Et c'est étonnamment calme. Les machines font du bruit, mais il reste discret et continu, laissant les commentaires et le joyeux brouhaha des soixante-quatre passagers constituer l'essentiel de l'ambiance sonore.
Où s'asseoir
Les places ne sont pas véritablement attribuées, et une vraie décision s'impose dans les vingt secondes qui suivent votre arrivée au bas de l'échelle.
À l'avant, vous êtes au plus près de la mécanique. Plus vous vous rapprochez de la proue, plus vous voyez le pilote à l'œuvre, les instruments et le dôme avant.

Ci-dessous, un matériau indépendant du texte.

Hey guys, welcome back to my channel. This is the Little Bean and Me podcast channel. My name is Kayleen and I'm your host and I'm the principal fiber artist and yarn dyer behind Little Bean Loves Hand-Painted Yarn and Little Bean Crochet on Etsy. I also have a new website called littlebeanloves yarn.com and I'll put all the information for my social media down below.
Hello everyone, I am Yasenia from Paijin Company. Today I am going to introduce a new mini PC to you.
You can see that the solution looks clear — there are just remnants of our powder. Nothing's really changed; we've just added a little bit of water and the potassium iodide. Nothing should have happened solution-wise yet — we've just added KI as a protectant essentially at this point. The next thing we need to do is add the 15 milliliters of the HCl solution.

Pour qui s'intéresse au fonctionnement du sous-marin, cela vaut davantage qu'une vue légèrement meilleure sur une épave.
Les deux côtés ne se valent pas forcément un jour donné. Le sous-marin passe près des structures d'un côté ou de l'autre selon l'itinéraire qu'il suit, et les passagers signalent régulièrement qu'un côté offrait une meilleure plongée. Personne ne peut vous dire à l'avance lequel, et le bateau change de cap pendant la plongée : la différence s'atténue donc en partie, mais pas complètement.
Le plus utile est de demander à un membre de l'équipage sur le bateau de surface de quel côté il s'installerait aujourd'hui. Il connaît l'itinéraire prévu et vous le dira.